Kursstürze in den Bau- und Zuliefersektoren

Doch im Bereich des Bausektors, der Fahrzeugzulieferer, der Metall- und Chemieindustrie sowie der Elektronik verlief die Entwicklung immer harziger, wozu der erstarkte Franken noch das Seine beitrug. Er erreichte Höhen von 1.43 Franken pro Euro und zog später auch gegenüber dem Dollar an, da sich – mit Verspätung zwar – der erwartete Save-Haven-Effekt der Schweizer Währung einstellte.

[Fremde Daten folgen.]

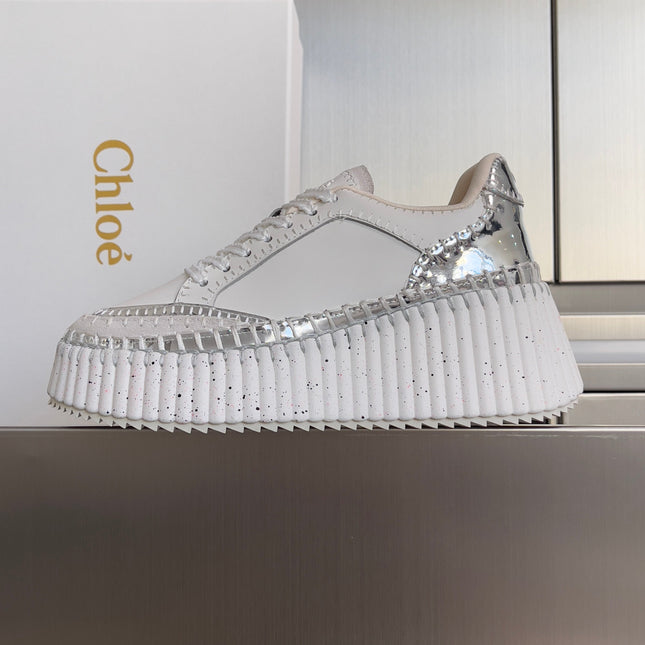 CHLOÉ 26S WEDGE SNEAKERS 70 MM IN WHITE AND SILVER CALFSKIN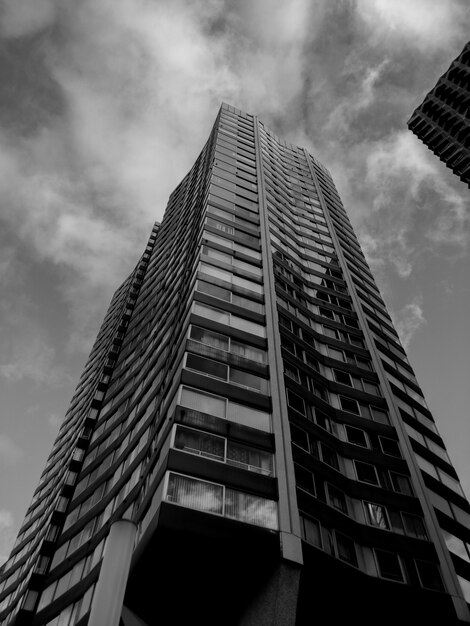 Foto en escala de grises del edificio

Dies spürten die Kapitalmärkte: Die Börse musste Federn lassen, da in Panik geratene Anleger ihre Aktien zu jedem Preis los sein wollten und das Geld nicht schnell genug unter die Matraze stecken konnten.

Der Swiss Market Index (SMI), der die führenden Schweizer Titel zusammenfasst, verlor 2008 mehr als einen Drittel seines Werts. Er fiel von rund 9000 Punkten auf unter 5000 Punkte im November 2008.

300 Milliarden aufgelöst

Dieser freie Fall entspricht etwa der Auflösung von rund 300 Mrd. Franken Aktien-Vermögen.

Finanzwerte litten am meisten, verlor doch die UBS-Aktie bis zu 80% ihres Wertes, den sie im Höchst von 2007 erreicht hatte. Und Credit Suisse-Papiere büssten rund die Hälfte ihres Höchstwerts ein.

Dieser Winter könnte für die Schweiz lang und frostig werden. Und niemand weiss, wann sich wieder Tauwetter einstellen wird.

swissinfo, Matthew Allen in Zürich
(Übertragung aus dem Englischen: Alexander Künzle)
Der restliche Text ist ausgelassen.